§ WORK ITEM: With no omissions, write out every record given below.

·····

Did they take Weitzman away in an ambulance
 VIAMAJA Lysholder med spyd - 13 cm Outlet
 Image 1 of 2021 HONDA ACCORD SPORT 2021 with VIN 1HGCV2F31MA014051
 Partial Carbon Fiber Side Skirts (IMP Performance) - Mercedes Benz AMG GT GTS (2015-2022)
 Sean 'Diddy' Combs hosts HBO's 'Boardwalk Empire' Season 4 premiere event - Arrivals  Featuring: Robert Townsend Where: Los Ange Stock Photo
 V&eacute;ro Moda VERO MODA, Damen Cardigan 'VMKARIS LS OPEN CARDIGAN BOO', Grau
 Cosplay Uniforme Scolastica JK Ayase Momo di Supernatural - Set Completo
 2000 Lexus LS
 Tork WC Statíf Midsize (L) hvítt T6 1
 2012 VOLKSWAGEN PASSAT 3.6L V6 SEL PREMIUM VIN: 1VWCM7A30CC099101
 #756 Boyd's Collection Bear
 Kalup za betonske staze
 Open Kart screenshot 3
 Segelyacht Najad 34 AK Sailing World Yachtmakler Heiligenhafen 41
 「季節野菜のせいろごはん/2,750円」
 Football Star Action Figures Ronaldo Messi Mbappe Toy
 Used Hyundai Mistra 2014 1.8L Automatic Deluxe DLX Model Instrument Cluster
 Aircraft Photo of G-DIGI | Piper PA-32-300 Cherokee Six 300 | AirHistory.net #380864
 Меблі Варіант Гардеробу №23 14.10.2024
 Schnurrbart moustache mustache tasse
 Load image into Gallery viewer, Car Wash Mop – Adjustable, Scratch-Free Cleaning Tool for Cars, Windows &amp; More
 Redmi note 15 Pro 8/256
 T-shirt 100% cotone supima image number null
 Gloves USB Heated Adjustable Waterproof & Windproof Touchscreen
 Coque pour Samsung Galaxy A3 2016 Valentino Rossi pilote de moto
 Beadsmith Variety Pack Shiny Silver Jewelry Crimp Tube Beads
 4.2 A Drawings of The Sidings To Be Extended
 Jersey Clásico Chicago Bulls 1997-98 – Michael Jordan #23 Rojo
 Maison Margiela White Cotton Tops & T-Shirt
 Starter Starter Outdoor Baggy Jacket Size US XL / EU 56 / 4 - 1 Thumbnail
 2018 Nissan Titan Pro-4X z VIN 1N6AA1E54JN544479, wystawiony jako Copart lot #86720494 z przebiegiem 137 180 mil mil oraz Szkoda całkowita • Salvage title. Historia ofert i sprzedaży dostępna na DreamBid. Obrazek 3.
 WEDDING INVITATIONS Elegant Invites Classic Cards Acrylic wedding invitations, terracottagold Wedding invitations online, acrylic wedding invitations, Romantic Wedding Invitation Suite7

·····

§ WORKED SOLUTION:
Did they take Weitzman away in an ambulance
 VIAMAJA Lysholder med spyd - 13 cm Outlet
 Image 1 of 2021 HONDA ACCORD SPORT 2021 with VIN 1HGCV2F31MA014051
 Partial Carbon Fiber Side Skirts (IMP Performance) - Mercedes Benz AMG GT GTS (2015-2022)
 Sean 'Diddy' Combs hosts HBO's 'Boardwalk Empire' Season 4 premiere event - Arrivals  Featuring: Robert Townsend Where: Los Ange Stock Photo
 V&eacute;ro Moda VERO MODA, Damen Cardigan 'VMKARIS LS OPEN CARDIGAN BOO', Grau
 Cosplay Uniforme Scolastica JK Ayase Momo di Supernatural - Set Completo
 2000 Lexus LS
 Tork WC Statíf Midsize (L) hvítt T6 1
 2012 VOLKSWAGEN PASSAT 3.6L V6 SEL PREMIUM VIN: 1VWCM7A30CC099101
 #756 Boyd's Collection Bear
 Kalup za betonske staze
 Open Kart screenshot 3
 Segelyacht Najad 34 AK Sailing World Yachtmakler Heiligenhafen 41
 「季節野菜のせいろごはん/2,750円」
 Football Star Action Figures Ronaldo Messi Mbappe Toy
 Used Hyundai Mistra 2014 1.8L Automatic Deluxe DLX Model Instrument Cluster
 Aircraft Photo of G-DIGI | Piper PA-32-300 Cherokee Six 300 | AirHistory.net #380864
 Меблі Варіант Гардеробу №23 14.10.2024
 Schnurrbart moustache mustache tasse
 Load image into Gallery viewer, Car Wash Mop – Adjustable, Scratch-Free Cleaning Tool for Cars, Windows &amp; More
 Redmi note 15 Pro 8/256
 T-shirt 100% cotone supima image number null
 Gloves USB Heated Adjustable Waterproof & Windproof Touchscreen
 Coque pour Samsung Galaxy A3 2016 Valentino Rossi pilote de moto
 Beadsmith Variety Pack Shiny Silver Jewelry Crimp Tube Beads
 4.2 A Drawings of The Sidings To Be Extended
 Jersey Clásico Chicago Bulls 1997-98 – Michael Jordan #23 Rojo
 Maison Margiela White Cotton Tops & T-Shirt
 Starter Starter Outdoor Baggy Jacket Size US XL / EU 56 / 4 - 1 Thumbnail
 2018 Nissan Titan Pro-4X z VIN 1N6AA1E54JN544479, wystawiony jako Copart lot #86720494 z przebiegiem 137 180 mil mil oraz Szkoda całkowita • Salvage title. Historia ofert i sprzedaży dostępna na DreamBid. Obrazek 3.
 WEDDING INVITATIONS Elegant Invites Classic Cards Acrylic wedding invitations, terracottagold Wedding invitations online, acrylic wedding invitations, Romantic Wedding Invitation Suite7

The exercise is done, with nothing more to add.